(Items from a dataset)
▽
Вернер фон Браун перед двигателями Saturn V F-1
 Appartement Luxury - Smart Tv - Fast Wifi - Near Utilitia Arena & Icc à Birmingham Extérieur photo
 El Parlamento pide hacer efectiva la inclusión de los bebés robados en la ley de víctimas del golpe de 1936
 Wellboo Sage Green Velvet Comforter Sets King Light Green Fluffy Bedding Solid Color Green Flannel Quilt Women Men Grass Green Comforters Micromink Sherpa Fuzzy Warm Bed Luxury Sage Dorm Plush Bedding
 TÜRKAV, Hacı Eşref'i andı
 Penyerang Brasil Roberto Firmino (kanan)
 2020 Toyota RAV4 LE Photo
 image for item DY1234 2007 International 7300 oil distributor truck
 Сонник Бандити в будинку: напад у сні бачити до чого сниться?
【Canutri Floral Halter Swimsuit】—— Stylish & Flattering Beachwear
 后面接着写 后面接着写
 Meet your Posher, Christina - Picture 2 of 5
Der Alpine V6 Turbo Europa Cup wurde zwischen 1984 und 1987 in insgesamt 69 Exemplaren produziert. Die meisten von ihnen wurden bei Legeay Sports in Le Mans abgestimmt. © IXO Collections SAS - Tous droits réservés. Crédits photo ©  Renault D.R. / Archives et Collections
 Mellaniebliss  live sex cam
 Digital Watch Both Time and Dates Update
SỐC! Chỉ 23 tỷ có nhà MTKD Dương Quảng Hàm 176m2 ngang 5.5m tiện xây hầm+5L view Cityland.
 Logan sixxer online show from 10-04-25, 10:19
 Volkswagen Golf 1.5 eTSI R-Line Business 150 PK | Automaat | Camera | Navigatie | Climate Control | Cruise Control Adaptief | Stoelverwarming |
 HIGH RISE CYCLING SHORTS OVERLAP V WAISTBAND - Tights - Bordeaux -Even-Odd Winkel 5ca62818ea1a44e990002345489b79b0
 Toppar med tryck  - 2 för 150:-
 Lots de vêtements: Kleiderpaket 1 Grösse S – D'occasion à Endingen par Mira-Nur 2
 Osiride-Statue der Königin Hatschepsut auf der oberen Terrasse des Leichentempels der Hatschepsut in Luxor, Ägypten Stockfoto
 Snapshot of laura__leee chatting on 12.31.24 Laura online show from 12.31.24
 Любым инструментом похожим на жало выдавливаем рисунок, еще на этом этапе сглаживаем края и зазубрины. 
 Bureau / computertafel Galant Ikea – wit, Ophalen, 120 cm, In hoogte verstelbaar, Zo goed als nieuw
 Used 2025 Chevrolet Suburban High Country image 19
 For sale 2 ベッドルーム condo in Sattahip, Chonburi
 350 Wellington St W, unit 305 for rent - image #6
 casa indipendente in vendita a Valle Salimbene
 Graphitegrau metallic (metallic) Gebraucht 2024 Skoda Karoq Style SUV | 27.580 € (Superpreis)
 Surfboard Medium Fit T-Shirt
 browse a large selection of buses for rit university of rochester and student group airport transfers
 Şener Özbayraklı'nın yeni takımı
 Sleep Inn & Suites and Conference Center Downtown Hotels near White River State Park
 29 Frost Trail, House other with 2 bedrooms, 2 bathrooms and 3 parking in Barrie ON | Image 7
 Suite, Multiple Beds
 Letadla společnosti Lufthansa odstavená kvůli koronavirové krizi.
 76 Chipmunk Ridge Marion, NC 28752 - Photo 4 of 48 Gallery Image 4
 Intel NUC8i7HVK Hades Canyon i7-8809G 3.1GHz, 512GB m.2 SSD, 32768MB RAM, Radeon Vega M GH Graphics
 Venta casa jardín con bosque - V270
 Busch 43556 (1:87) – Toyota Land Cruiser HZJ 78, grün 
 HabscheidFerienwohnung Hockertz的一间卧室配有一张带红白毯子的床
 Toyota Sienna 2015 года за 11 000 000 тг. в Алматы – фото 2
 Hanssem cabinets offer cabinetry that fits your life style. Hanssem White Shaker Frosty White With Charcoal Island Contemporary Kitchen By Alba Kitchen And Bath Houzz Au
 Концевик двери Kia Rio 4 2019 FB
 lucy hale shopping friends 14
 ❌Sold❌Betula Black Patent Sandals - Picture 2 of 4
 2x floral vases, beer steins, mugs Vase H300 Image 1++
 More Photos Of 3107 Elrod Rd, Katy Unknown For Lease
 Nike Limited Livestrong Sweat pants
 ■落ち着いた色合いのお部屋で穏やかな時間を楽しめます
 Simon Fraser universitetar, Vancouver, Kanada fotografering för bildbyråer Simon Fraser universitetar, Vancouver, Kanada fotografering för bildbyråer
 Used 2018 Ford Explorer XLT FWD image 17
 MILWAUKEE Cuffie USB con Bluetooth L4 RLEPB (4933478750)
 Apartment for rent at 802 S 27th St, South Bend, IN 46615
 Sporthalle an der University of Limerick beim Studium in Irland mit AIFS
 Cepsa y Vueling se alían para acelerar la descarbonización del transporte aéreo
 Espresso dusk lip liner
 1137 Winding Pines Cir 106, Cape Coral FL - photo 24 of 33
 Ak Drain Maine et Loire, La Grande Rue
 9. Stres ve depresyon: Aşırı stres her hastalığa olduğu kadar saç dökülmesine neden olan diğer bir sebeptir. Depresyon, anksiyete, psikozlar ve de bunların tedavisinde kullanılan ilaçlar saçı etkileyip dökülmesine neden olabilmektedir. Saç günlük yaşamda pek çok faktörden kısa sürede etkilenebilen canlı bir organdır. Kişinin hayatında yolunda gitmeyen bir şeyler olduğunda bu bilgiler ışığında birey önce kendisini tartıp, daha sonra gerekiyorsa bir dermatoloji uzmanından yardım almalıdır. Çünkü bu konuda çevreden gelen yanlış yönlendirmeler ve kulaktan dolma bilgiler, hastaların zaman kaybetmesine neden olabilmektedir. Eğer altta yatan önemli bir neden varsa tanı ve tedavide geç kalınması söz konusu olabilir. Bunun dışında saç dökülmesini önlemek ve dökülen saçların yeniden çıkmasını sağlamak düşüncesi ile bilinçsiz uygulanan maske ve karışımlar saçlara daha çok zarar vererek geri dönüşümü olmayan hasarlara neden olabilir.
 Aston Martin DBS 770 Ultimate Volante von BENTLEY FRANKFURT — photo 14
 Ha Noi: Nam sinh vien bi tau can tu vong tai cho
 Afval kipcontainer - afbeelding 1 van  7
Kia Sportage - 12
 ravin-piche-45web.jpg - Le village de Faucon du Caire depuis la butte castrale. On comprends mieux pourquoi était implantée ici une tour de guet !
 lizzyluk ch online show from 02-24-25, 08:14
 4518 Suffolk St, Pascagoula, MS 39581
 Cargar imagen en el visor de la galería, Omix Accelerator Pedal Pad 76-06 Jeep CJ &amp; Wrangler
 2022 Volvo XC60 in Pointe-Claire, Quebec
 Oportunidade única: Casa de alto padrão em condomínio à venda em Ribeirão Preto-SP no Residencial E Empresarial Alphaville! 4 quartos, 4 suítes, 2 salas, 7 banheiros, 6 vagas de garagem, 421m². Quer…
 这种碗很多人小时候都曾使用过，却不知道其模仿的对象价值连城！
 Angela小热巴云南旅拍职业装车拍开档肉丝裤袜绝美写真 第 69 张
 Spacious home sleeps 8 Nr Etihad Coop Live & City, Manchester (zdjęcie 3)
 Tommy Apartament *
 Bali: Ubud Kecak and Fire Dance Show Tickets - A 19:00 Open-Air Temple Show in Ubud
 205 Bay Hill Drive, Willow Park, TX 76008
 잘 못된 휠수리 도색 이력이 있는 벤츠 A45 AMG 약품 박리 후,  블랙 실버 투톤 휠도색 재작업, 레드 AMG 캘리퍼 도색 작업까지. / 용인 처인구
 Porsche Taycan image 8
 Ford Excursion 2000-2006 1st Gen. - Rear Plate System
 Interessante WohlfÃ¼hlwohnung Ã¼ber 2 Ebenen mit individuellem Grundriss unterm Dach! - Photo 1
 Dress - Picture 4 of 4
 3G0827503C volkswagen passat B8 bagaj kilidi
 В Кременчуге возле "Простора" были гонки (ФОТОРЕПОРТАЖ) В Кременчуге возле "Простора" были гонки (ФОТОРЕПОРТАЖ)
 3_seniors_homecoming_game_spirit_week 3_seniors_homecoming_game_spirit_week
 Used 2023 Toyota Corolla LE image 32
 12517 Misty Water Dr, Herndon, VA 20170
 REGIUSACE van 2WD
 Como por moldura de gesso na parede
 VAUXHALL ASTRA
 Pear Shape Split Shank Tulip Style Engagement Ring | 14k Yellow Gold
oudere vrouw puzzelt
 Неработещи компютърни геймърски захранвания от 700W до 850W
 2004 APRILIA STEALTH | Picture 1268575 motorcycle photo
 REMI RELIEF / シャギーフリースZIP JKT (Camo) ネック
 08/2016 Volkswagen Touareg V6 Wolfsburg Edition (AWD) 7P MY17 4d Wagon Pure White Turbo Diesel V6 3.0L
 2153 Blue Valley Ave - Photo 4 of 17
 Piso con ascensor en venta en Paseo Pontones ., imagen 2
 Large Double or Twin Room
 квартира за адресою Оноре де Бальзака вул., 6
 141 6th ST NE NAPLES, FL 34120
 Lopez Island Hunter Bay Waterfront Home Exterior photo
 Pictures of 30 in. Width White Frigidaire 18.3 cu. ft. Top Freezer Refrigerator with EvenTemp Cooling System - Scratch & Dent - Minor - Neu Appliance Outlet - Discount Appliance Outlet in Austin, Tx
△
> **Problem statement**
Beginning at the line above with "9. Stres ve" and finishing at the line with "ravin-piche-45web.jpg - Le", return each line exactly and return nothing else.

> **Written answer**
 9. Stres ve depresyon: Aşırı stres her hastalığa olduğu kadar saç dökülmesine neden olan diğer bir sebeptir. Depresyon, anksiyete, psikozlar ve de bunların tedavisinde kullanılan ilaçlar saçı etkileyip dökülmesine neden olabilmektedir. Saç günlük yaşamda pek çok faktörden kısa sürede etkilenebilen canlı bir organdır. Kişinin hayatında yolunda gitmeyen bir şeyler olduğunda bu bilgiler ışığında birey önce kendisini tartıp, daha sonra gerekiyorsa bir dermatoloji uzmanından yardım almalıdır. Çünkü bu konuda çevreden gelen yanlış yönlendirmeler ve kulaktan dolma bilgiler, hastaların zaman kaybetmesine neden olabilmektedir. Eğer altta yatan önemli bir neden varsa tanı ve tedavide geç kalınması söz konusu olabilir. Bunun dışında saç dökülmesini önlemek ve dökülen saçların yeniden çıkmasını sağlamak düşüncesi ile bilinçsiz uygulanan maske ve karışımlar saçlara daha çok zarar vererek geri dönüşümü olmayan hasarlara neden olabilir.
 Aston Martin DBS 770 Ultimate Volante von BENTLEY FRANKFURT — photo 14
 Ha Noi: Nam sinh vien bi tau can tu vong tai cho
 Afval kipcontainer - afbeelding 1 van  7
Kia Sportage - 12
 ravin-piche-45web.jpg - Le village de Faucon du Caire depuis la butte castrale. On comprends mieux pourquoi était implantée ici une tour de guet !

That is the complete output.